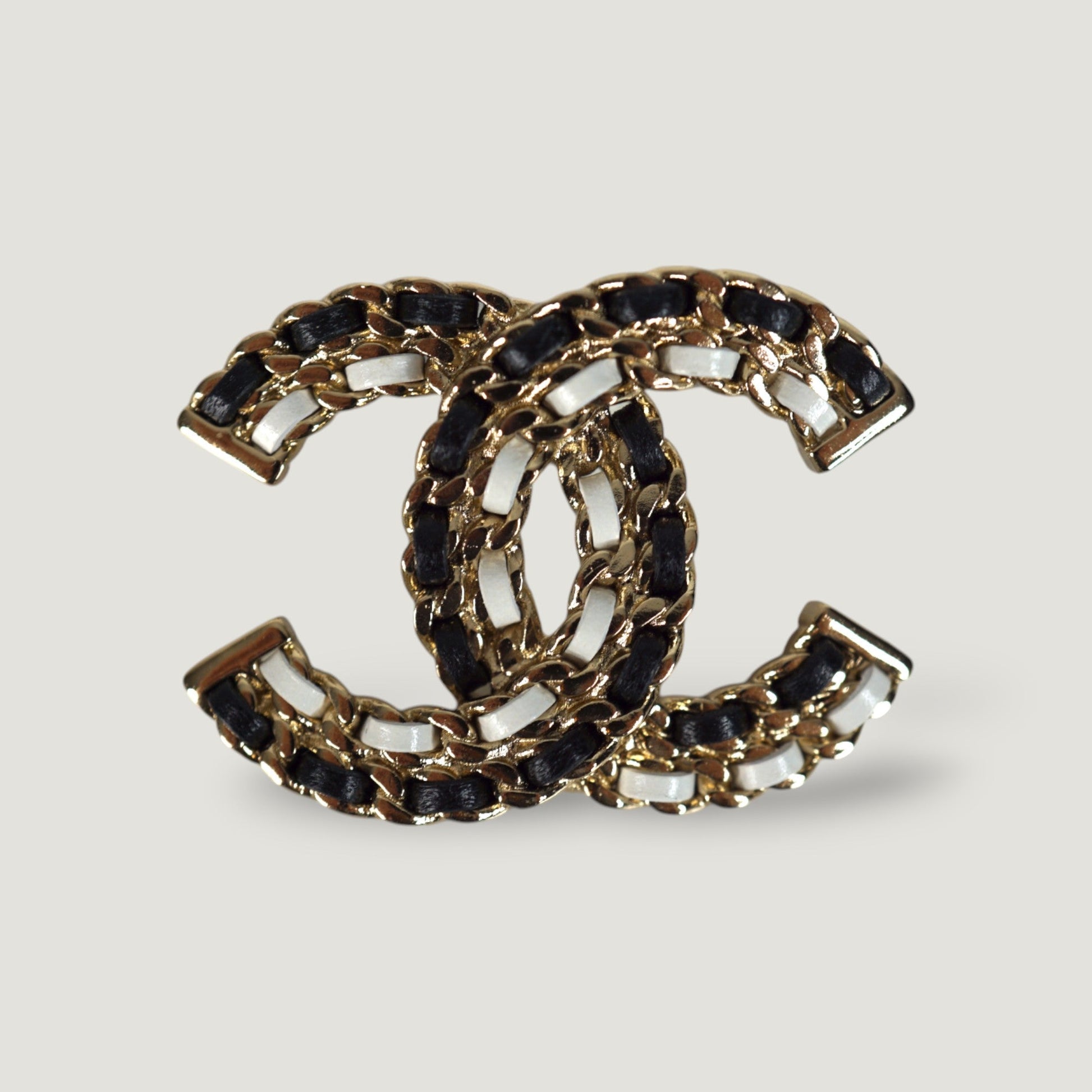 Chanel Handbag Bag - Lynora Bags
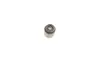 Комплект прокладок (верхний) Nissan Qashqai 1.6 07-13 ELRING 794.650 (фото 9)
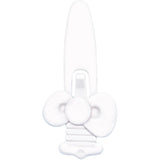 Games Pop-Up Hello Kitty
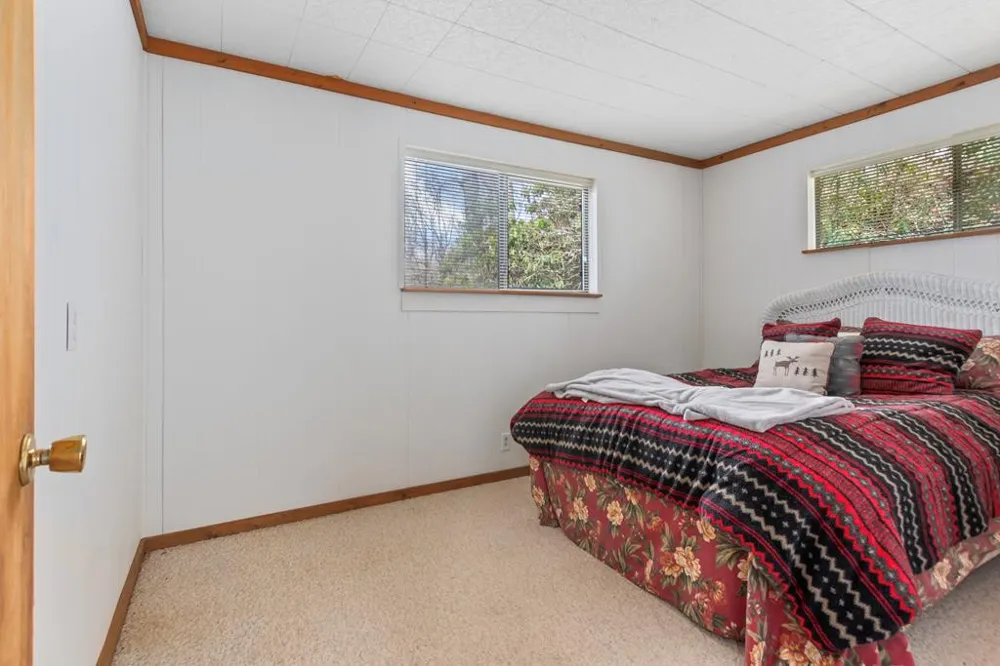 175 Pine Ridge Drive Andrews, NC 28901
****************************************
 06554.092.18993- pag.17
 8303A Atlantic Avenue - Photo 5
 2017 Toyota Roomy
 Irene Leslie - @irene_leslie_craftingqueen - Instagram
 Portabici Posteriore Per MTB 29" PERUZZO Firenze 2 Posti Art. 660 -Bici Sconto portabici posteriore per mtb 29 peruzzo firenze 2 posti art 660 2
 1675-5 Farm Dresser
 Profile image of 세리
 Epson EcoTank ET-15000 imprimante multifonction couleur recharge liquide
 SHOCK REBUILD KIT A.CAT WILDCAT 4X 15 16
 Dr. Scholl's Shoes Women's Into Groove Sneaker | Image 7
****************************************
WHAT IS EXPECTED
The answer is the run of lines above from the line containing "Epson EcoTank ET-15000" through the line containing "Dr. Scholl's Shoes", copied exactly and alone.

TASK RESULT
 Epson EcoTank ET-15000 imprimante multifonction couleur recharge liquide
 SHOCK REBUILD KIT A.CAT WILDCAT 4X 15 16
 Dr. Scholl's Shoes Women's Into Groove Sneaker | Image 7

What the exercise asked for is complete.